Дабул же город весьма большой, и к нему съезжается все поморье Индийское и Ефиопское. Тут я, Афанасий окаянный, рабище бога вышнего, творца неба и земли, поразмыслил о вере христианской, о крещении Христове, о постах, святыми отцами устроенных, и о заповедях апостольских и устремился умом пойти на Русь. И вошел на корабль, и договорился о плате корабельной, и дал со своей головы 2 золотых до города Ормуза дойти.
Вошел же на корабль в городе Дабуле до Пасхи за 3 месяца, мусульманского заговенья. Плыл же в таве по морю месяц и не видел ничего, на другой же месяц увидел горы Ефиопские. И тут люди все закричали: «Олло конъкар бизим баши мудна насип болмышьти», а по-русски молвить: «Боже государь, боже, боже вышний, царь небесный, здесь ты судил нам погибнуть».
В той земле Ефиопской был 5 дней. Божией благодатью зло не произошло, много роздали мы рису, перцу, хлеба ефиопам, и они суда не пограбили. А оттуда плыл 12 дней до Маската, в Маскате же шестую Пасху встретил. И плыл до Ормуза 9 дней и в Ормузе был 20 дней. Из Ормуза пошел к Дару и в Ларе был 3 дня. Из Дара пошел к Ширазу, 12 дней, а в Ширазе был 7 дней. Из Шираза пошел в Аберкух, 15 дней, а в Аберкухе был 10 дней. А из Аберкуха пошел к Йезду, 9 дней, а в Йезде был 8 дней. А из Йезда пошел к Испагани. И пошел к Кашану, а в Кашане был 5 дней. А из Кашана пошел к Куму, а из Кумы пошел в Саву. А из Савы пошел в Султанию. А из Султании пошел до Тавриза[390], пошел в орду к Хасан-беку[391], в орде же пробыл 10 дней, а далее пути нет никуда. На турецкого (султана) послал (Хасан-бек) рати двора своего 40 тысяч, и они Сивас взяли и Токат взяли да сожгли, Амасию взяли и много пограбили сел. И пошли, воюя, на Караман. А я из орды пошел к Арзинджану, а из Арзинджана пошел в Трапезунд[392].

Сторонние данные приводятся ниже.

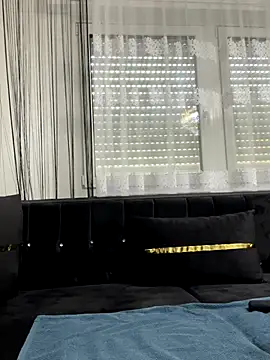 Emilia Mausi online show from September 24, 2025, 12:30 pm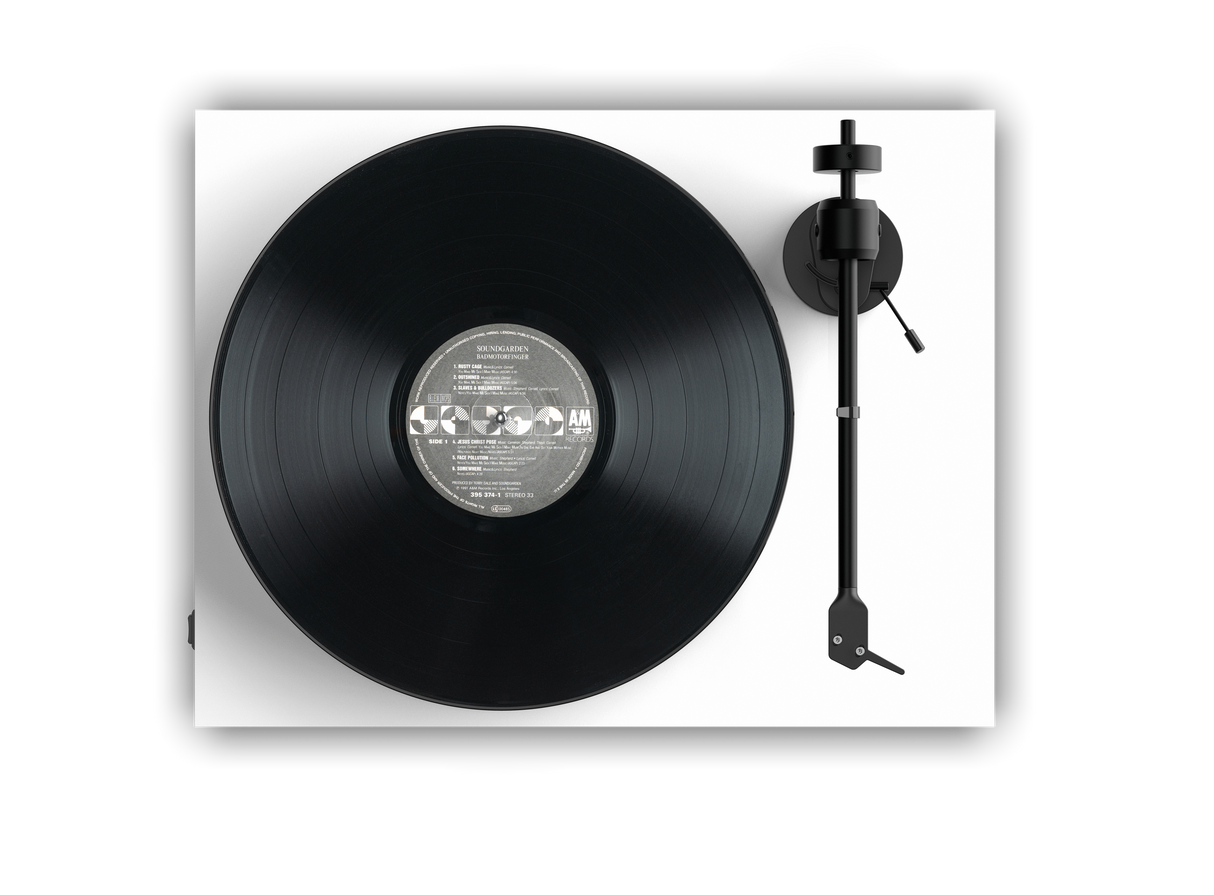 Pro-Ject E1 OM5e skivspelare (vit)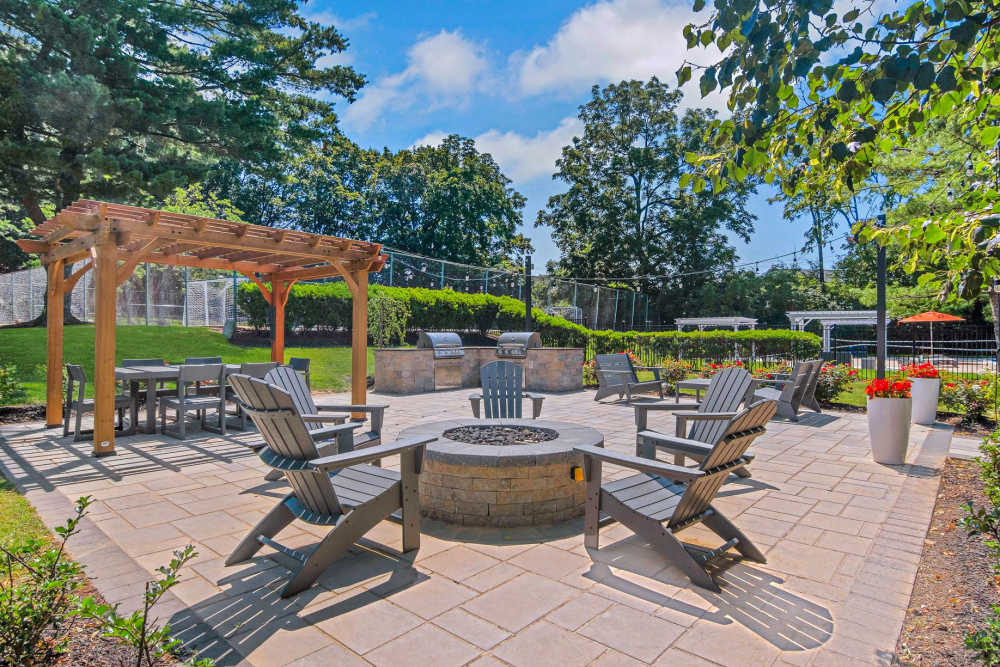 Grill and picnic area at Eagle Rock Apartments at Malvern in Malvern, Pennsylvania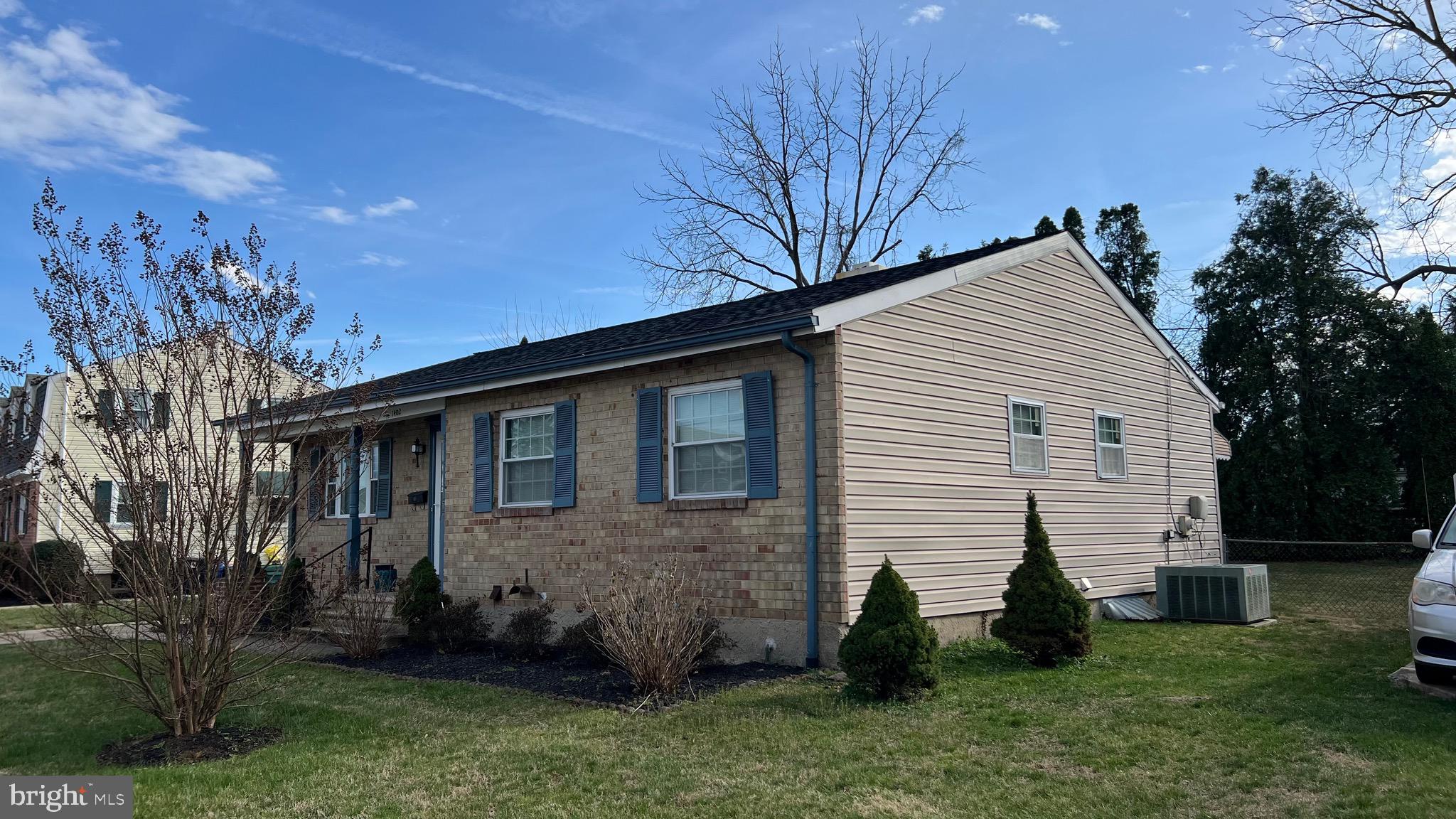 1402 Woodbridge Road Catonsville, MD 21228 - Photo 3 of 28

В Трапезунд же пришел на Покров святой Богородицы и приснодевы Марии и пробыл же в Трапезунде 5 дней. На корабль пришел и сговорился о плате — дать золотой со своей головы до Кафы[393], а золотой взяли за харчи, а отдать его в Кафе. В Трапезунде же субыши и паша много зла учинили: хлам мой весь к себе унесли в город, на гору, да и обыскали все; что мелочь добренькая — они ограбили все, а искали грамот, потому что пришел я из орды Хасан-бека.
Божией милостью пришел я до третьего моря Черного, а по-персидски дория Стамбульское. Плыл же морем по ветру 10 дней и доплыл до Вонады[394], но тут нас встретил сильный ветер северный и возвратил нас к Трапезунду. И стояли мы в Платане[395] 15 дней из-за сильного и злого ветра. Из Платаны выходили на море, но ветер нас встречал злой и не давал нам по морю идти. Боже истинный, боже покровитель! Кроме него, иного бога не знаю. И морем же доплыл до Балаклавы[396], а оттуда к Гурзуфу[397], и тут стояли 5 дней.
Божиею милостью пришел в Кафу за 9 дней до Филиппова поста[398]. Боже творец! Прошел я милостию божией три моря. Остальное бог ведает, бог покровитель всеведущий. Аминь. Во имя бога милостивого и милосердного. Бог велик! Боже благий, господи благий, Иисус дух божий! Мир тебе! Бог велик; нет бога, кроме Аллаха, творца. Слава богу, хвала богу! Во имя бога, милосердного и милостивого! Он есть бог, которому другого подобного нет, ведающий все тайное и явное; он милосерден и милостив; он бог, которому нет другого подобного; он царь, свет, мир, спаситель, попечитель, славен, могущ, велик, творец, зиждитель, изобразитель. Он разрешитель грехов и каратель; дарующий, питающий, прекращающий всякие затруднения; знающий, принимающий наши души; распростерший небо и землю, все сохраняющий; всевышний, возвышающий, низвергающий, все слышащий, везде видящий. Он судья правый, благий.